Most smaller companies tend to offer and sell securities on an exempt basis because of the substantial costs of conducting a registered offering. There are a laundry list of exemptions but only a few are of much practical use. Most exempt offerings are structured to take advantage of Rule 506. The popularity of Rule 506 is primarily due to the fact that compliance with the rule also preempts the offering from state registration requirements. Because of the dual regulatory nature of securities, offerings must be exempt both at the federal and state levels which can create additional burdens on issuers since often times the exemptions available at each level are not necessarily coordinated. However, securities offered in reliance on Rule 506 preempt state registration requirements under Section 18 of the Securities Act (other than certain de minimis filings and fees), thereby disposing of any registration issues under state blue sky laws.

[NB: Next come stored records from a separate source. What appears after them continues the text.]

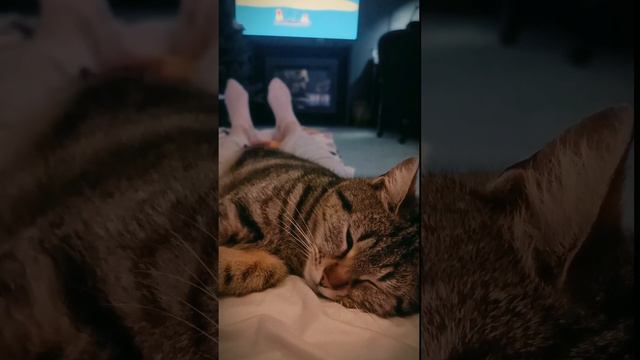 Кот здесь главный?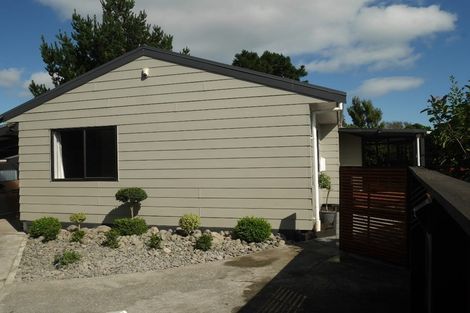 Photo of property in 55c Kirk Street, Otaki, 5512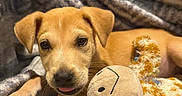 Bentley James is registered to the contest to win money with this photo: animal, blanket, comfort, cozy, cute, dog, fur, giraffe, indoor, pet, playful, plush_toy, puppy, resting, sleepy, snuggling, soft_texture, tongue_out, warm_lighting, young_dog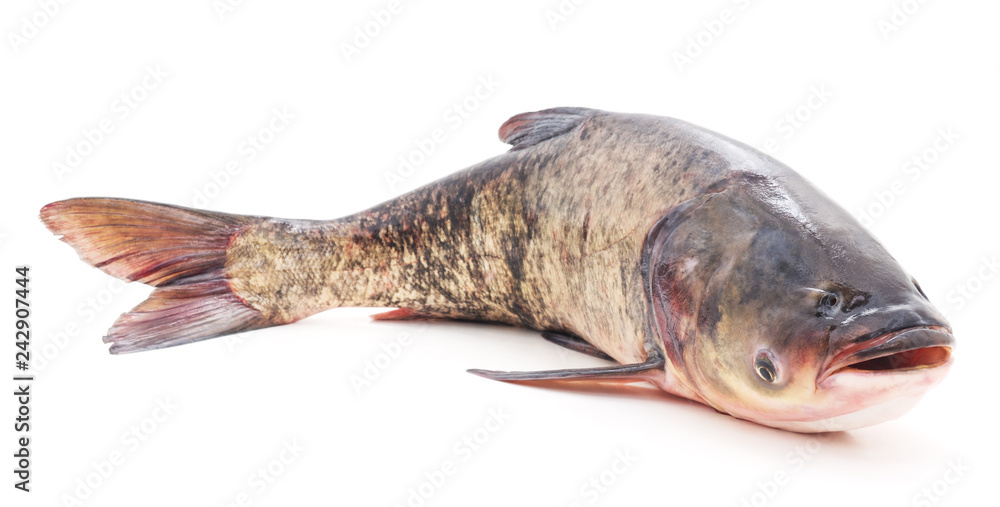Fototapeta premium Great fresh fish.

The downside to using Rule 506 is that the purchasers must primarily be “accredited investors” (i.e., high income or high net worth persons) and, for the time being, issuers may not engage in general solicitation or advertising in connection with the offering or sale of the respective securities (although this will change in the near future as a result of the JOBS Act which requires the SEC to amend its rules to permit general solicitation and advertising in certain circumstances as we explained in a prior blog post here; the SEC is scheduled to vote on the newly proposed rules this week). Additionally, securities issued under Rule 506 are “restricted securities” and are not freely tradable meaning that investors may not immediately resell the securities purchased.

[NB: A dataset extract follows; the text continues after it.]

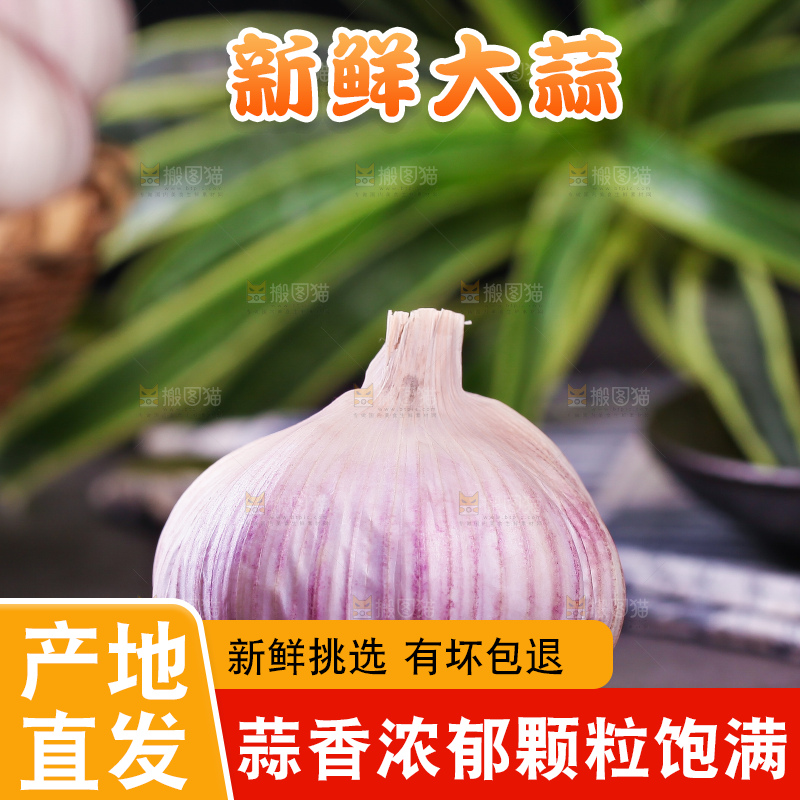 木板上的山东金乡大蒜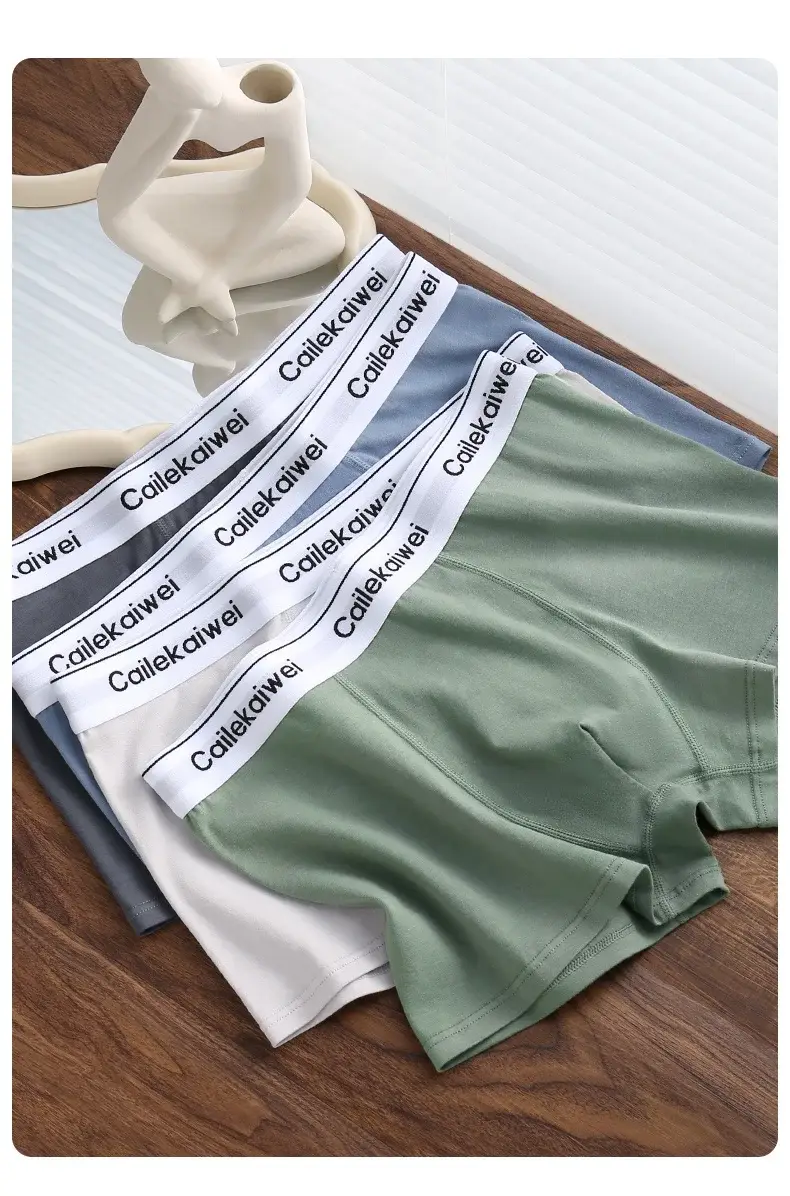 5 pçs boxer shorts roupa interior masculina sexy calcinha de algodão puro sólida elasticidade homem cuecas boxers masculinos homme u lingerie convexa — image 1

As mentioned above, the 3(a)(10) exemption only applies certain exchange transactions and is therefore more limited than Rule 506. The availability of the exemption is subject to a merit-based review by a court or authorized governmental entity to approve the fairness of the terms and conditions of the exchange. This exemption was commonly used by publicly held tech companies during the tech boom to acquire other closely held tech companies where many of the shareholders of the closely held targets did not qualify as accredited investors. In addition to being exempt from the registration process at the federal level, securities issued in connection with the 3(a)(10) exemption are, for the most part, freely tradable in the secondary market (some exceptions exist for affiliates).

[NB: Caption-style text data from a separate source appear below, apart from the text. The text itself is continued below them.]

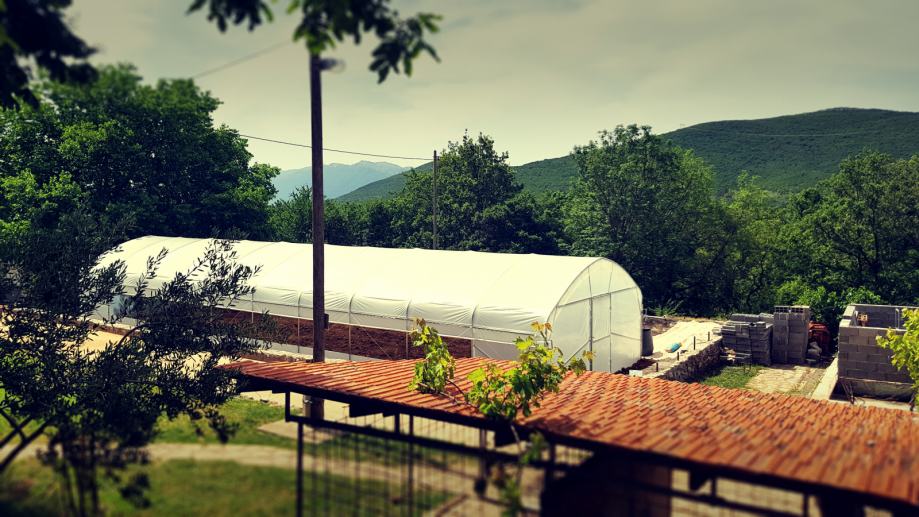 plastenik - 6m širine - slika 2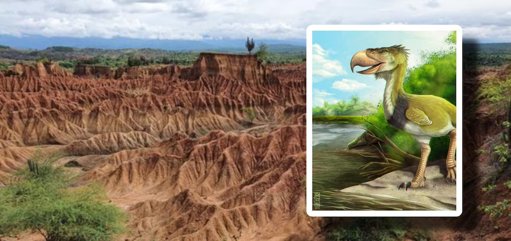 Hallan en el desierto de La Tatacoa el fósil de una segunda y más grande 'ave del terror'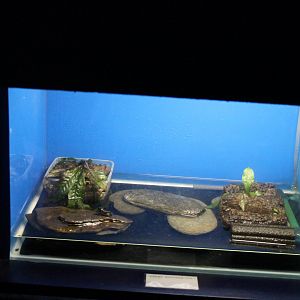 Raising-tank Cynops encicauda popei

The SEC has provided guidance on the 3(a)(10) exemption in Staff Legal Bulletin 3A which sets forth the following requirements for using the exemption:
- The securities must be issued in exchange for securities, claims, or property interests; they cannot be offered for cash.
- A court or authorized governmental entity must approve the fairness of the terms and conditions of the exchange.
- The reviewing court or authorized governmental entity must: (1) find, before approving the transaction, that the terms and conditions of the exchange are fair to those to whom securities will be issued; and (2) be advised before the hearing that the issuer will rely on the Section 3(a)(10) exemption based on the court’s or authorized governmental entity’s approval of the transaction.
- The court or authorized governmental entity must hold a hearing before approving the fairness of the terms and conditions of the transaction.
- A governmental entity must be expressly authorized by law to hold the hearing, although it is not necessary that the law require the hearing.
- The fairness hearing must be open to everyone to whom securities would be issued in the proposed exchange.
- Adequate notice must be given to all those persons.
- There cannot be any improper impediments to the appearance by those persons at the hearing.
The one potential downside to using the 3(a)(10) exemption is that state laws may still require the offering to be registered at the state level. In Florida, as in California, offerings approved pursuant to the requirements of Section 3(a)(10) are also exempt from state registration requirements pursuant to Section 69W-500.014 of the Florida Administrative Code. Other states may or may not have similar exemptions. Thus, it is important to verify state securities law requirements prior to undertaking a 3(a)(10) exempt offering.
Given that Facebook is paying a substantial sum for a company with no revenues, it is likely that the California Department of Corporations will find the transaction to be fair to Instagram shareholders which will allow the acquisition to proceed on an exempt basis (at both the federal and state level).
One thing to note is that upon consummation of the acquisition, the newly issued 23 million shares will have a dilutive effect on existing shareholders who have already experienced significant devaluation in their Facebook stock holdings since the company made its initial public offering. With the expiration of lock-up agreements beginning last week and continuing through May of 2013 (which we blogged about last week), the market should likely expect to see further decline in Facebook’s share price in the near future absent any positive news or reports concerning Facebook’s operations and financial condition.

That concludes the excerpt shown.